▸ **Problem details**: The expected output is an exact copy of the lines from the one containing "Pink Gingham Flower" to the final line below, minus any pictures.

▸ **Data segment**:
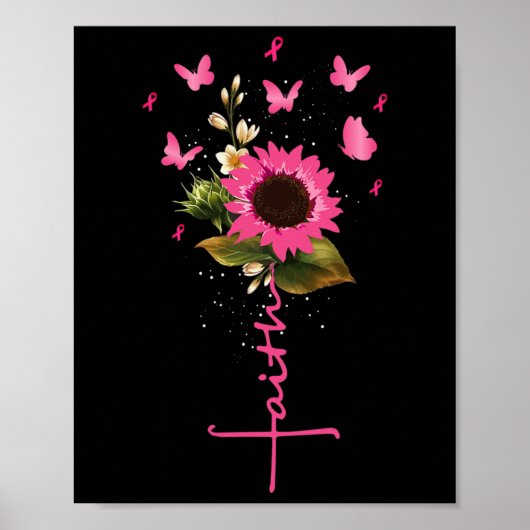 Faith Cross Breast Cancer Awareness Christelijk Gi Poster (Voorkant)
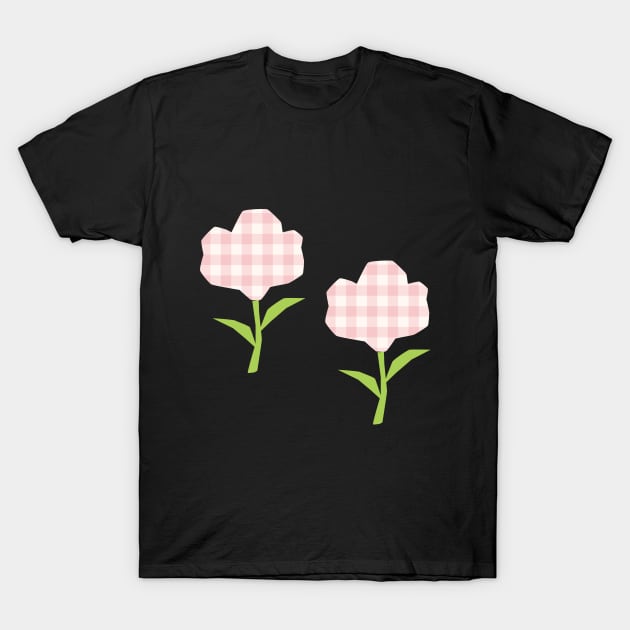 Pink Gingham Flower Design T-Shirt by In Beauty We Trust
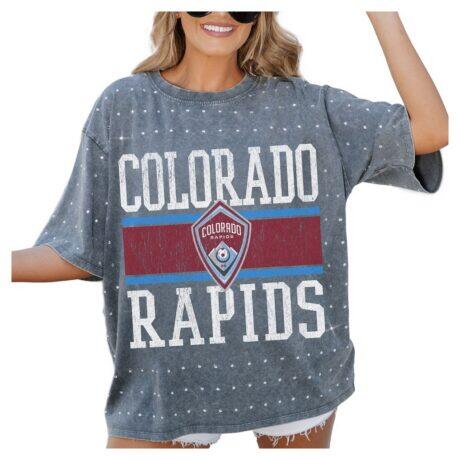 Colorado Rapids Gameday Couture Women's Oversized Mini Rhinestone Classic T-Shirt - Gray - Front View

▸ **Your solution**:
 Pink Gingham Flower Design T-Shirt by In Beauty We Trust
 Colorado Rapids Gameday Couture Women's Oversized Mini Rhinestone Classic T-Shirt - Gray - Front View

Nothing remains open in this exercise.